Some of the problems of interpreting human behavior in the face of risk have to do with the problem of people making decisions on the basis of subjective assessments of probabilities which may be quite different from the objective or true probabilities. Events of small probability that have never occurred before may be assessed as having a probability of zero in decision-making. Small probabilities add up when chances are taken repeatedly. 1,987,406 dates, give or take a few thousand, counts as repeatedly.
A notable phenomenon is what happens to the probability of avoiding a small risk event when the probability is increased.

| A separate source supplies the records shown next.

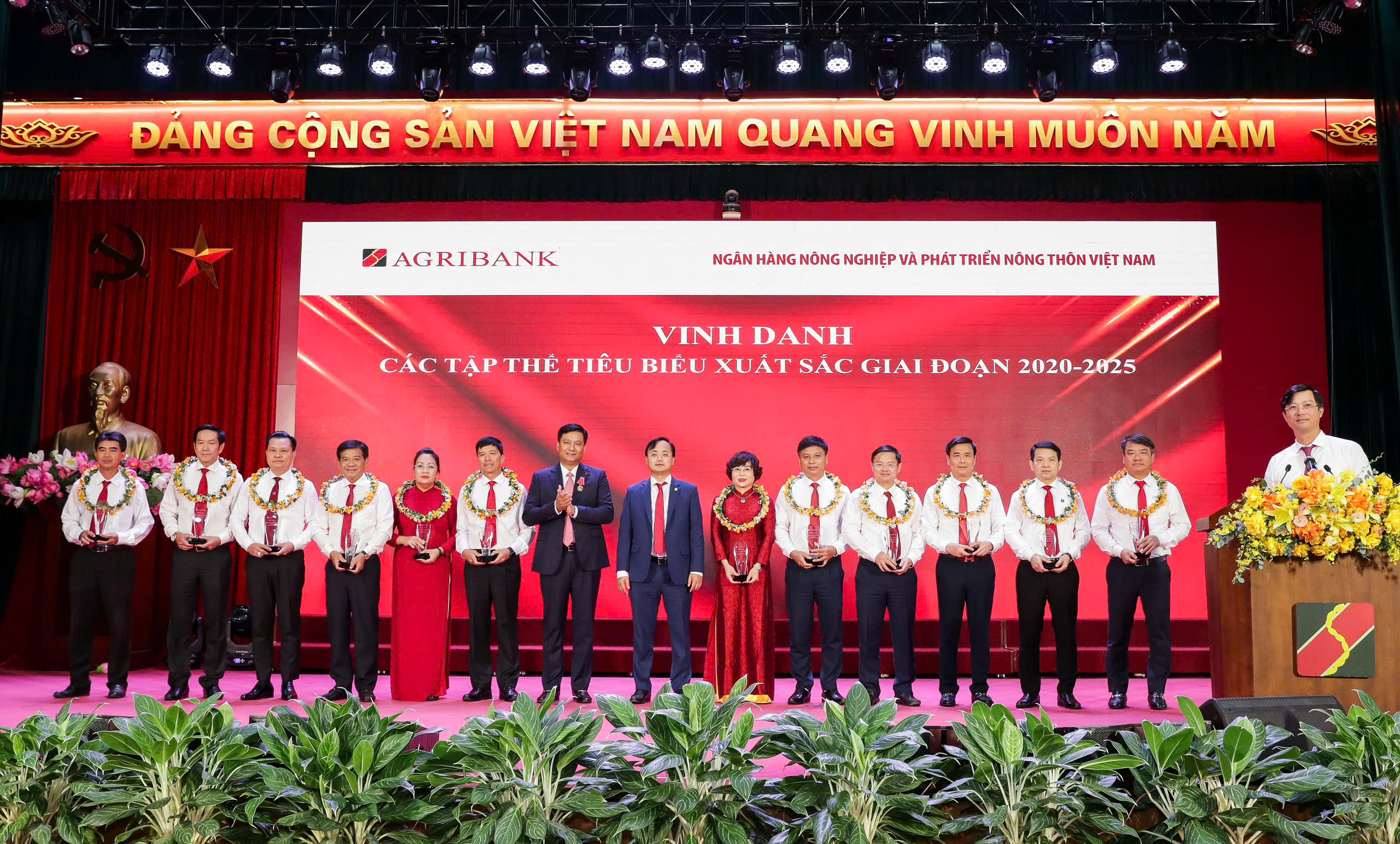 Agribank vinh danh các cá nhân, tập thể đạt thành tích xuất sắc tại Hội nghị tuyên dương điển hình tiên tiến Agribank lần thứ VI và biểu dương “Nữ đoàn viên - Người lao động giỏi việc ngân hàng, đảm việc nhà” giai đoạn 2020-2025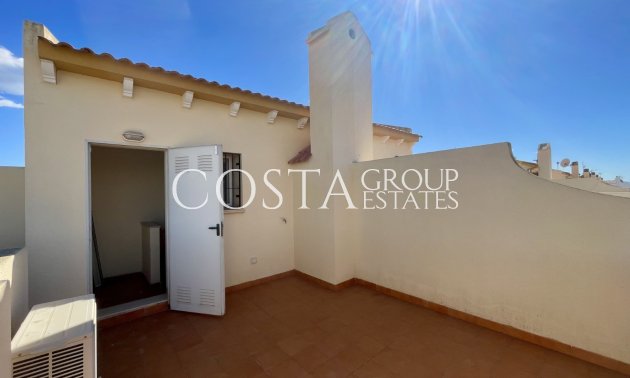 Resale - House -
Pilar de la Horadada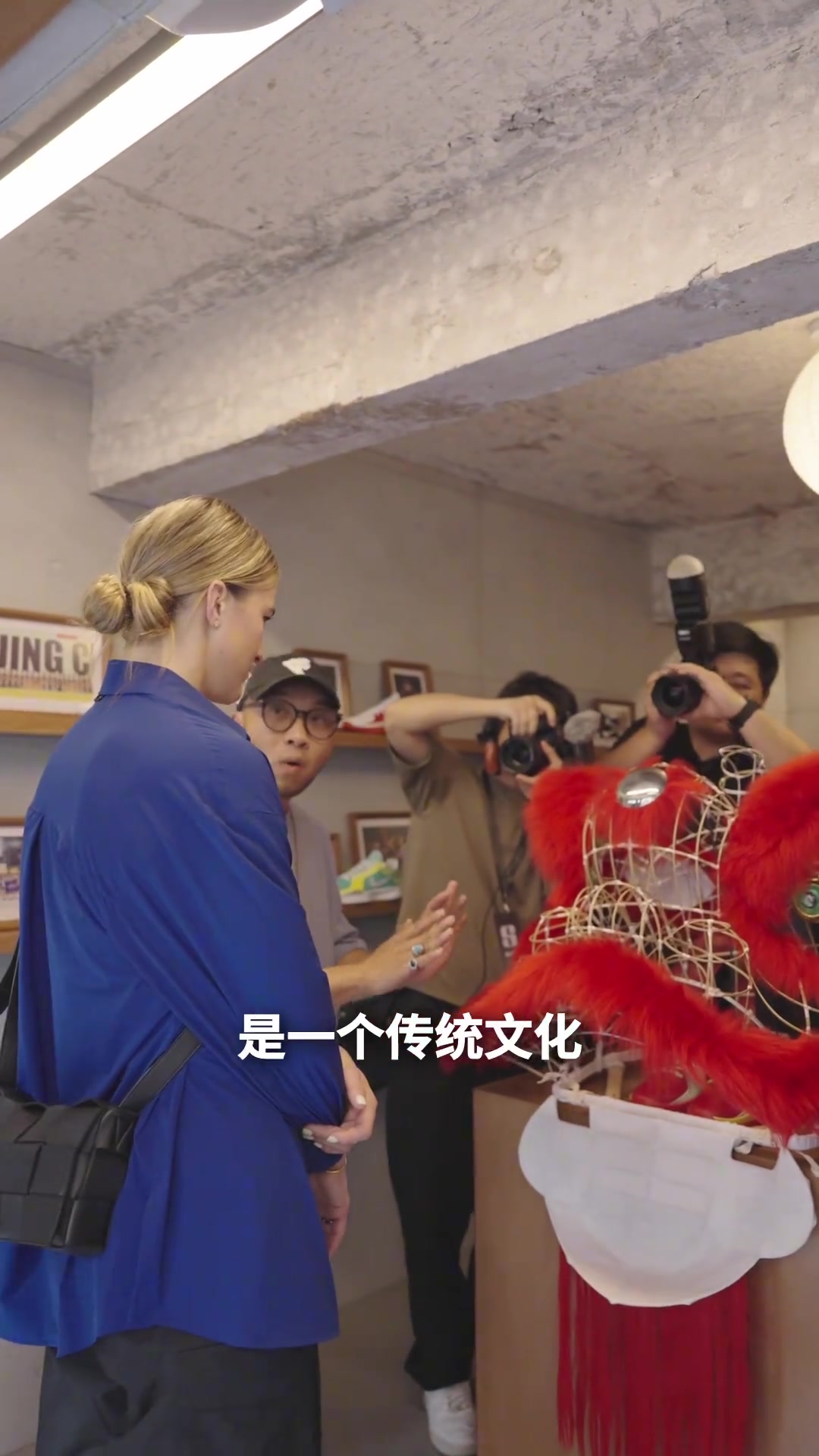 萨姐广州落地第一件事。 醒狮点睛，开工大吉！????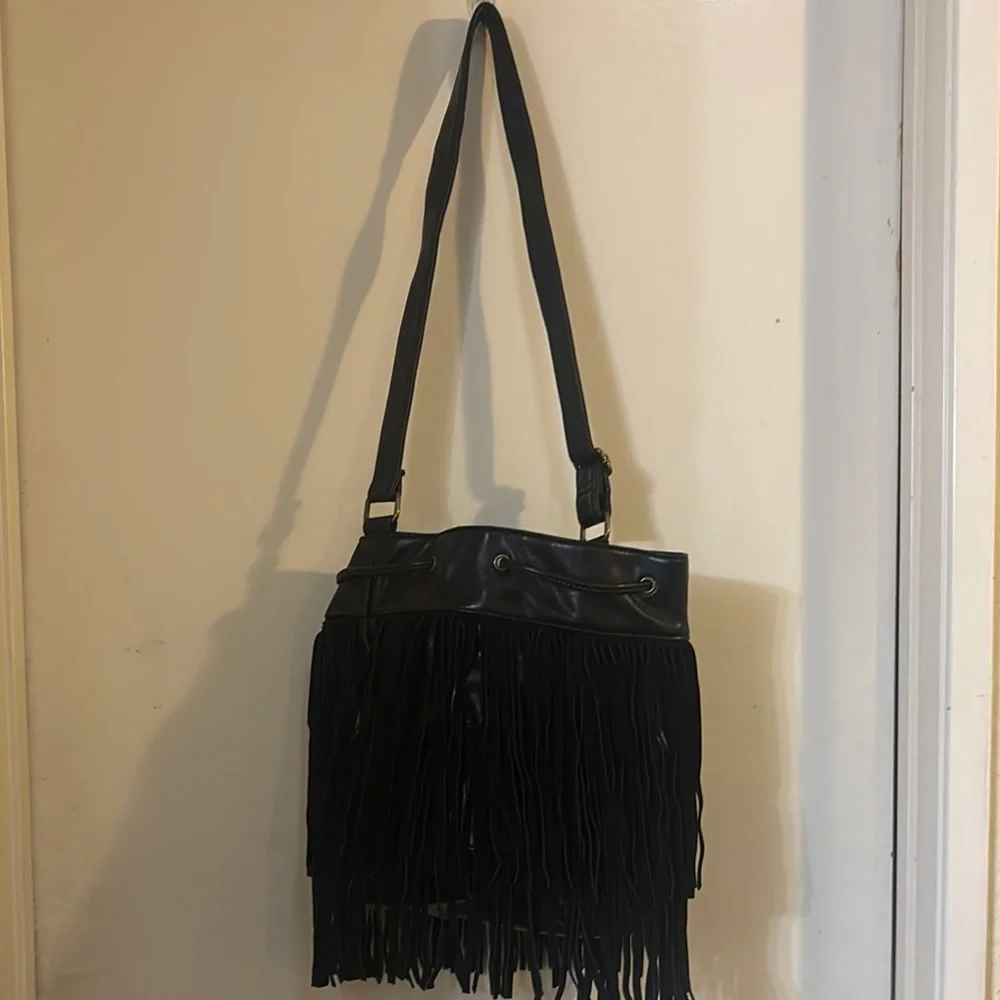 Fringe Black Shoulder Bag - Picture 1 of 2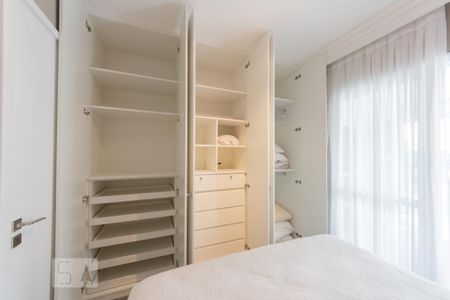 Quarto (detalhe) de apartamento para alugar com 1 quarto, 56m² em Paraíso, São Paulo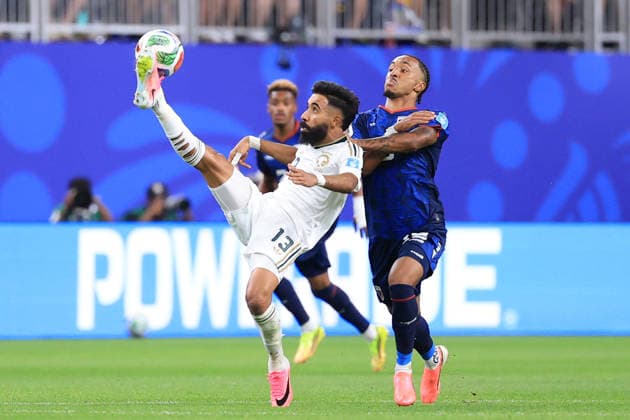 Livramento (R) of Cape Verde vies for the ball with Nawaf Boushal of Saudi Arabia during a Group H match at the 2026 FIFA World Cup, WM, Weltmeisterschaft, Fussball between Cape Verde and Saudi Arabia at NRG stadium in Houston, United States, 26 June 2026. FIFA World Cup 2026 - Group H - Cape Verde vs Saudi Arabia !ACHTUNG: NUR REDAKTIONELLE NUTZUNG!  Copyright: xCarlosxRamírezx GR6154 0860152330st
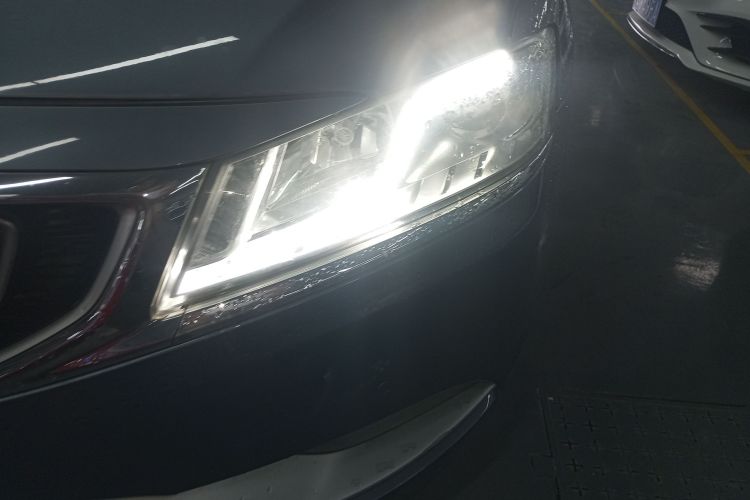 吉利汽车 博瑞 2015款 1.8T 尊贵型局部细节36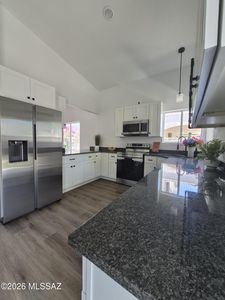3595 W Avenida Del Mar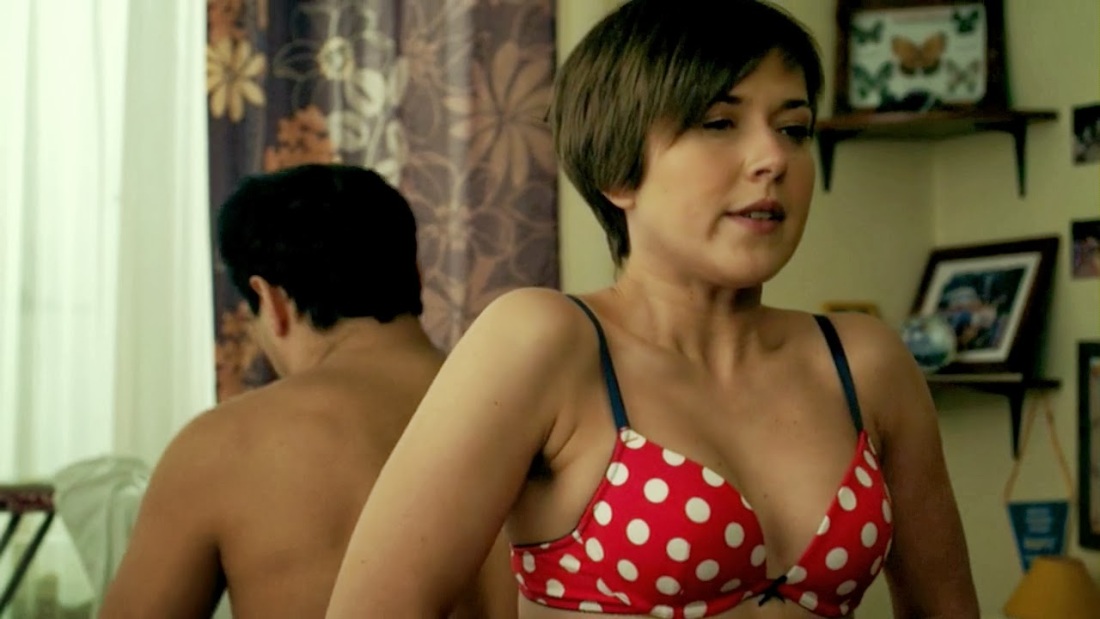 Голые на домашней две кузины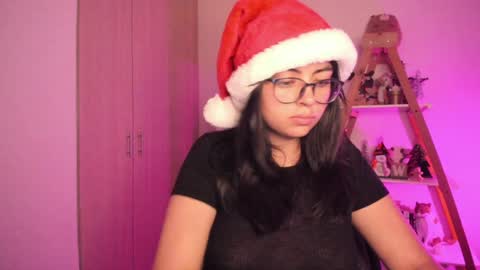Snapshot of perfect__ana chatting on December 16, 2024, 2:15 am Sarah Ana Banana online show from December 16, 2024, 2:15 am
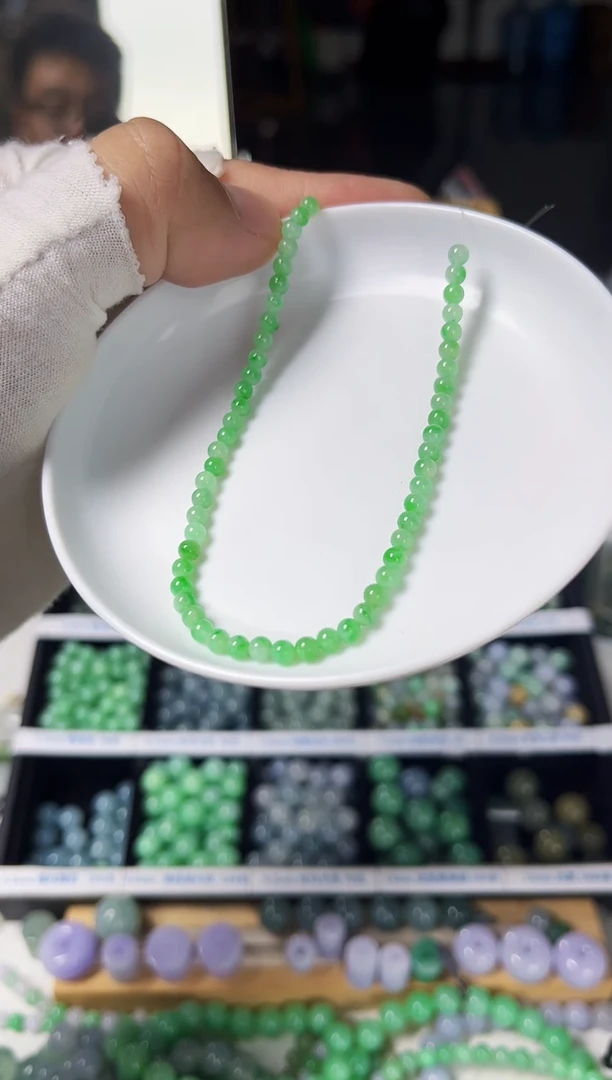 散珠翡翠小*翡翠散珠55颗多样性发货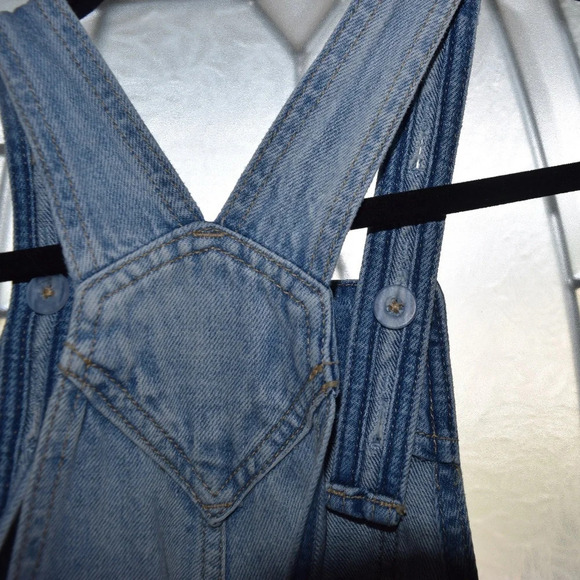 New OLD NAVY Kids Light Blue Denim Overalls Size S(6-7) - Picture 3 of 5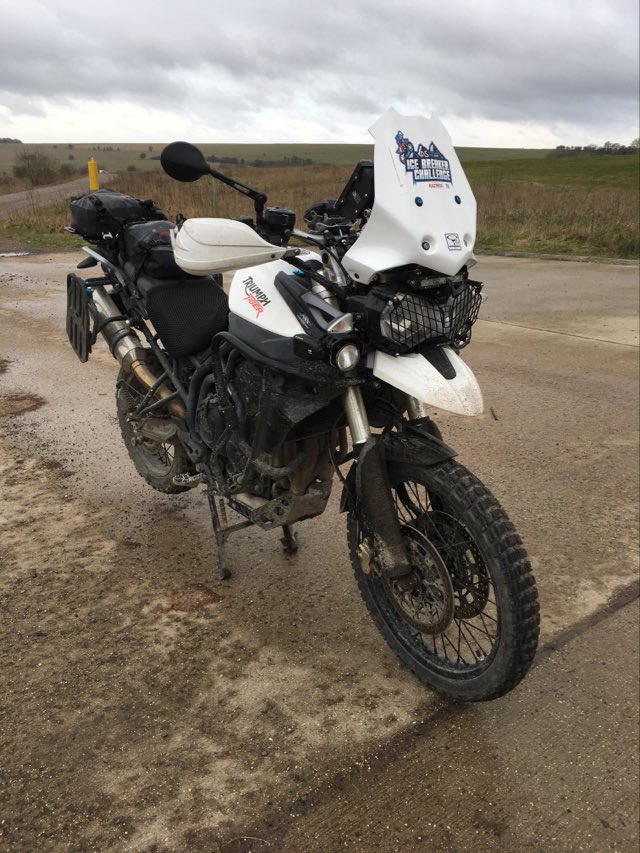 TRIUMPH XC 800  – cupolino rally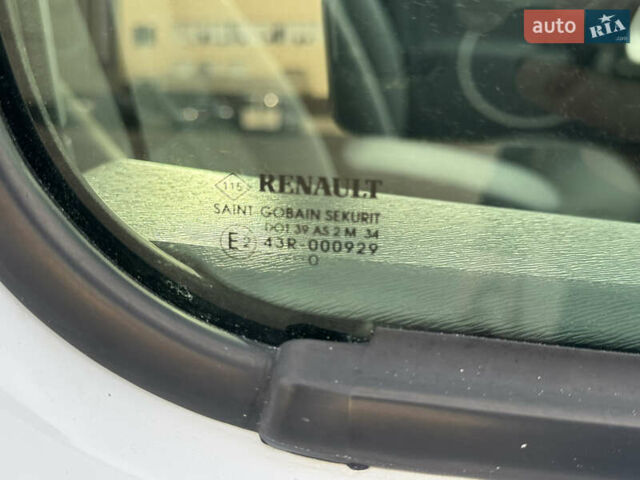 Білий Рено Кєнгу, об'ємом двигуна 1.5 л та пробігом 250 тис. км за 6900 $, фото 31 на Automoto.ua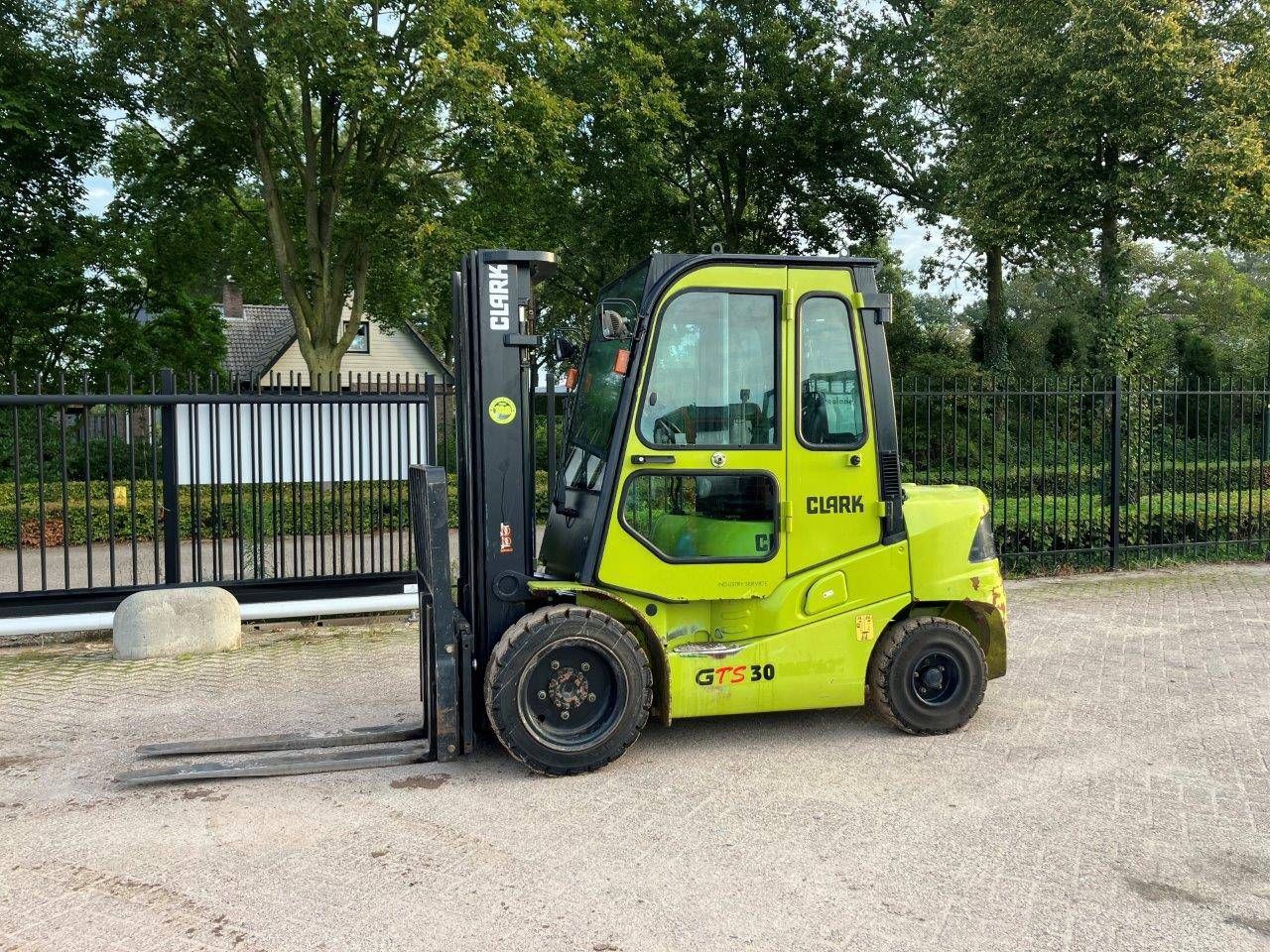 Forklift Clark GTS30 Diesel 3000kg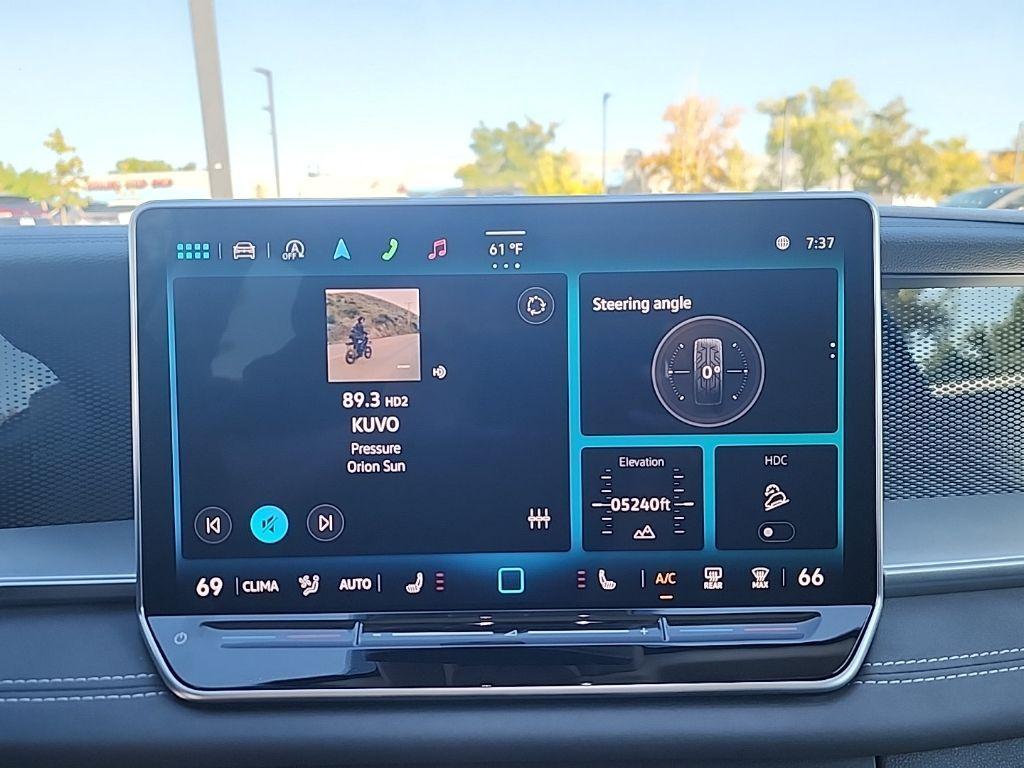 new 2025 Volkswagen Tiguan car, priced at $33,640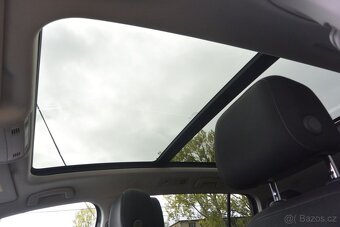 Volkswagen Touran 2.0TDi 110kW PANORAMANAVILED - 9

Doubling it. For example, suppose the probability of being involved in an automobile accident on any one trip is 0.0001. In 2000 trips the probability of not being involved in an accident is about 0.82. If the probability of being involved in an accident is doubled to 0.0002, perhaps as a result of driving behavior, the probability not being involved in a accident in 2000 trips falls to 0.67. If the probability of being involved in an accident on one trip were tripled to 0.0003 the probability of avoiding an accident in 2000 trips falls from 0.82 to 0.55. The point is that while probabilities of 0.0001 and 0.0003 seems so small as to be insignificant there are not really zero and there is a lot of difference between 0.0001 and 0.0003.
Back to the 1,987,406 dates since 1976, Match.com and Kahneman and Tversky’s Prospect Theory.
When you have had 1,987,406 dates, the data set is large enough to know every single potential outcome of the first, the third, the fiftieth, and the hundredth date, by person. I know that in the first 90 days, we will have 3 arguments and 1 fight while having sex 3 times per day….during the second 90 days, we will have 7 arguments and 3 fights while having sex 3 times per day on weekends and once per day on weekends….and that in the third 90 days we will have 129 arguments, 57 fights, while having sex once on the weekend and every other day Monday through Friday. The probabilities and predictability, based on the ultra large data set removes all surprise. Which makes it far easier at an advanced age to skip the dating altogether and stay home.